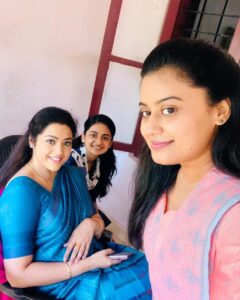 Ansiba Hassan Instagram - We are coming..!!!

#Drishyam2OnPrime premieres on Feb 19, Amazon Prime Video
#drishyam2 #feb19 #release #mohanlal #jeethujoseph #ansibahassan #meenasagar #estheranil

+++

PROBLEM: Every line of the data should be copied as it stands, without the images.

OUTPUT:
 Ansiba Hassan Instagram - We are coming..!!!

#Drishyam2OnPrime premieres on Feb 19, Amazon Prime Video
#drishyam2 #feb19 #release #mohanlal #jeethujoseph #ansibahassan #meenasagar #estheranil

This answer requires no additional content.